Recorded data
+===+

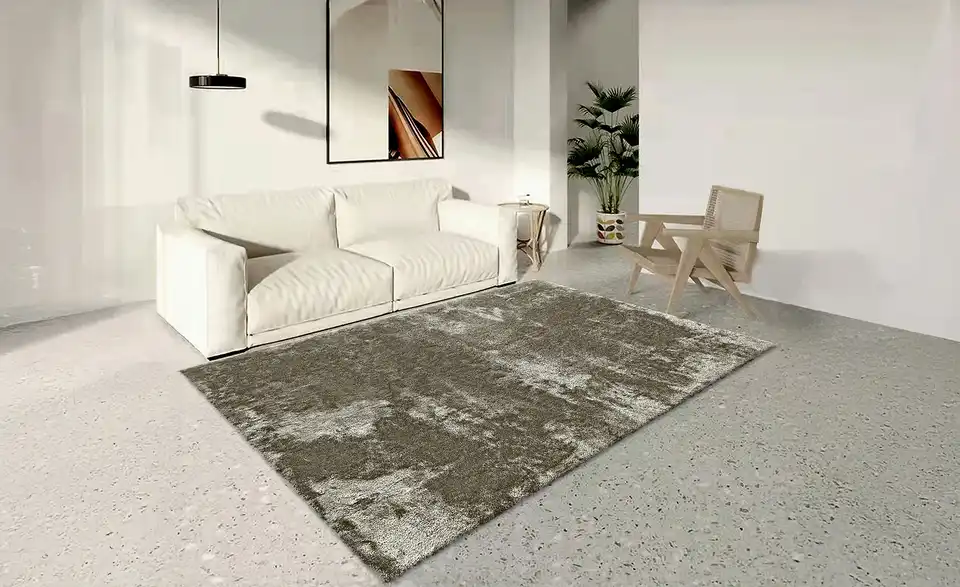 como Shaggy Macio, in Wohnsituation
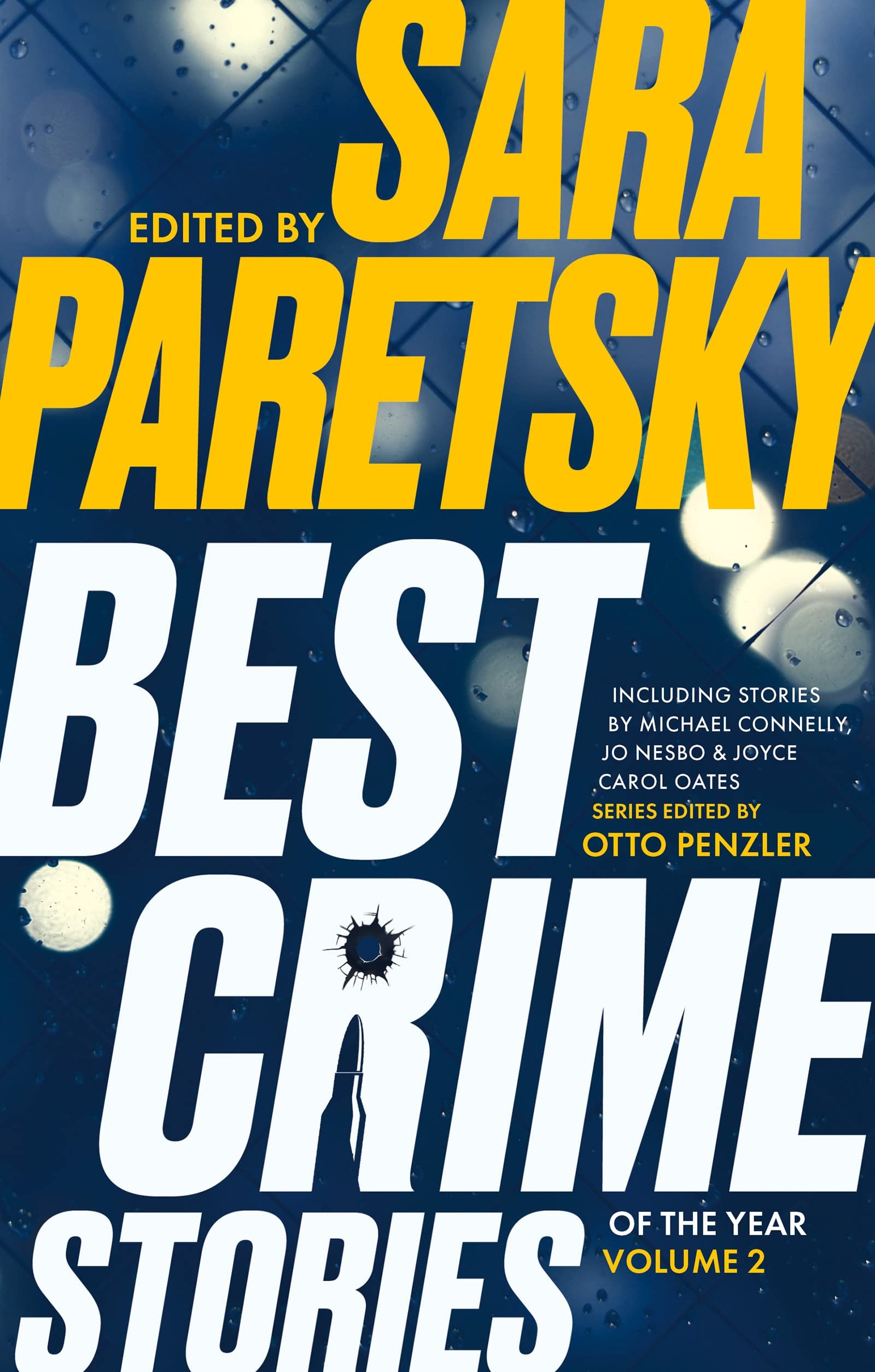 Best Crime Stories of the Year Volume 2: A laugh-out-loud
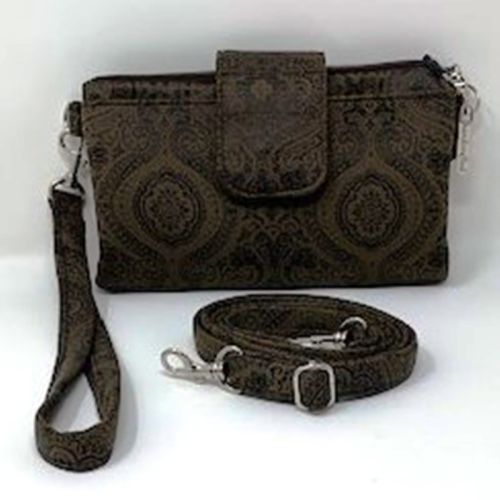 Wristlet wallet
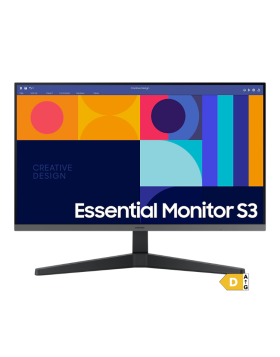 Monitor Samsung Essential IPS FHD 27"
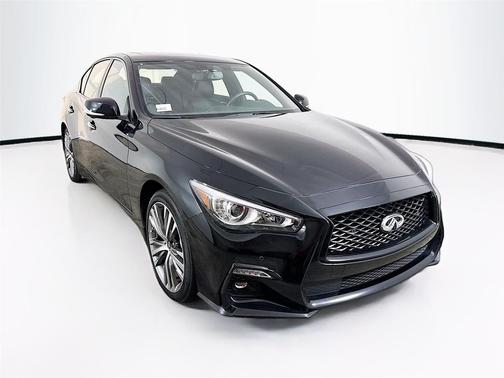 2023 INFINITI Q50 3.0t SENSORY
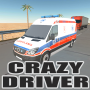 Crazy Ambulance Driver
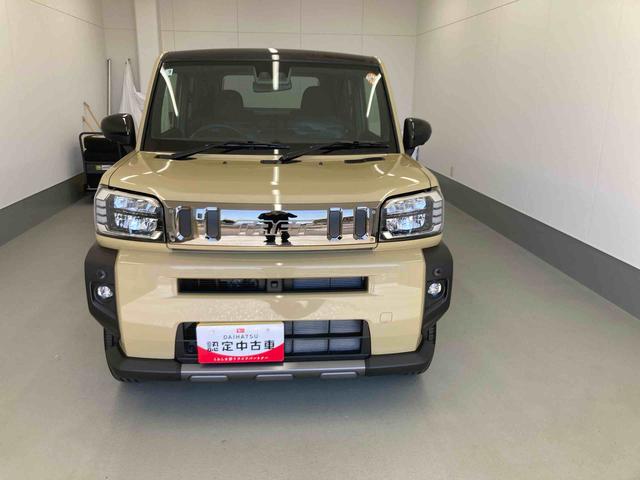 タフトＧ　ダーククロムベンチャー衝突被害軽減ブレーキ　横滑り防止装置　オートハイビーム　アイドリングストップ　ステアリングスイッチ　オートライト　キーフリーシステム　オートエアコン　パノラマカメラ（岐阜県）の中古車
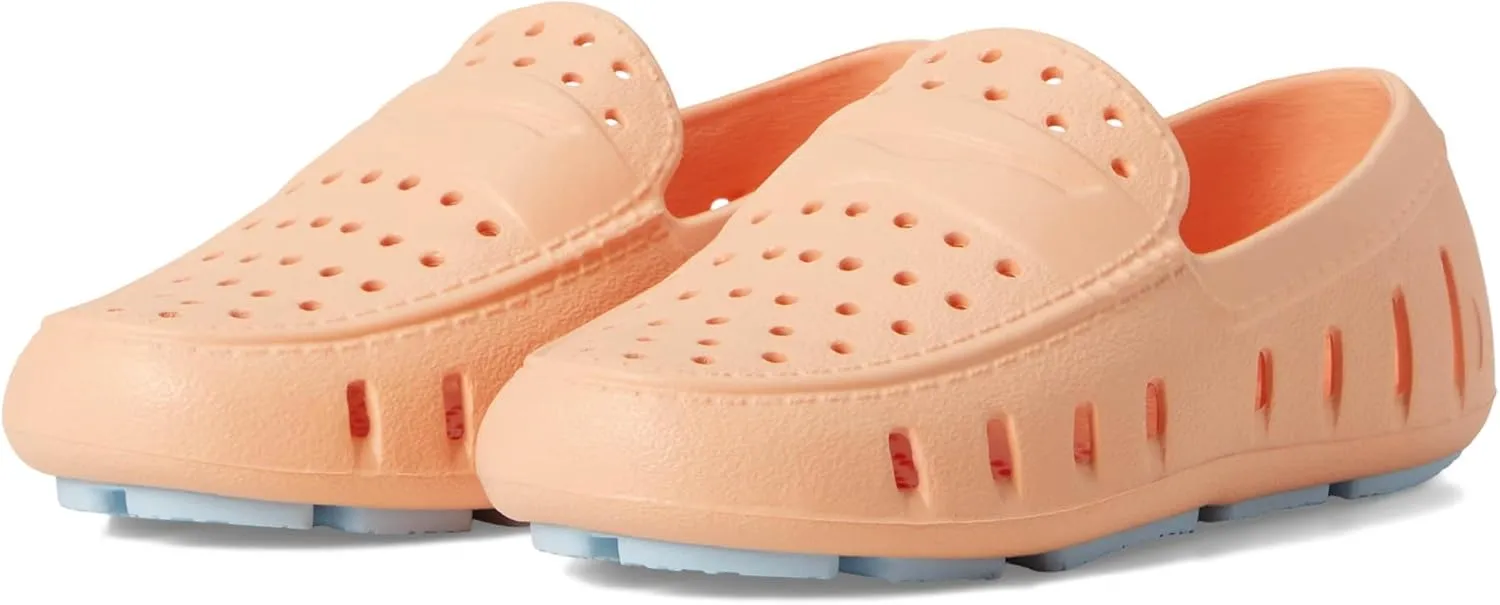 Floafers Unisex-Child Prodigy (Toddler/Little Big Kid) Boat Shoe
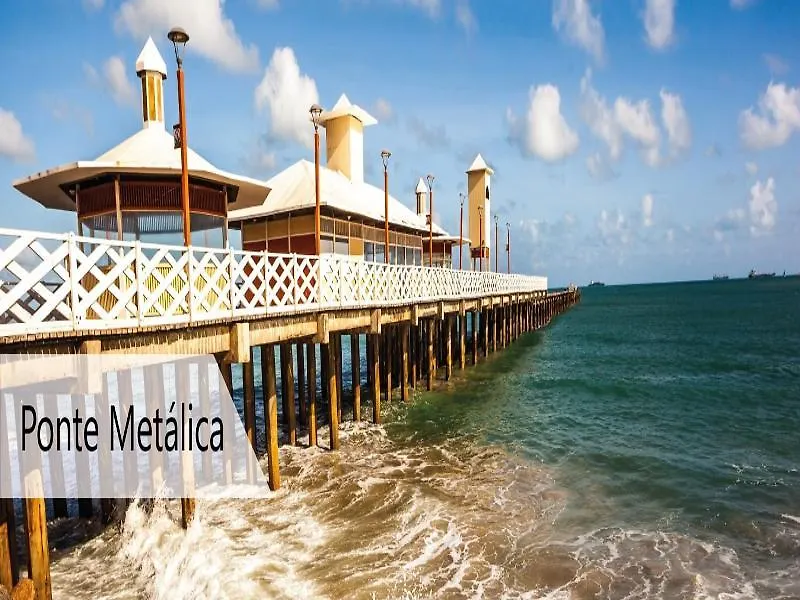 Tabajara Praia Hotel Fortaleza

+===+

> **Problem to solve**
Only the lines from the one containing "Wristlet wallet" through the last line of the data belong in the copy, both included and reproduced exactly. Pictures do not.

> **Your solution**
 Wristlet wallet
 Monitor Samsung Essential IPS FHD 27"
 2023 INFINITI Q50 3.0t SENSORY
 Crazy Ambulance Driver
 タフトＧ　ダーククロムベンチャー衝突被害軽減ブレーキ　横滑り防止装置　オートハイビーム　アイドリングストップ　ステアリングスイッチ　オートライト　キーフリーシステム　オートエアコン　パノラマカメラ（岐阜県）の中古車
 Floafers Unisex-Child Prodigy (Toddler/Little Big Kid) Boat Shoe
 Tabajara Praia Hotel Fortaleza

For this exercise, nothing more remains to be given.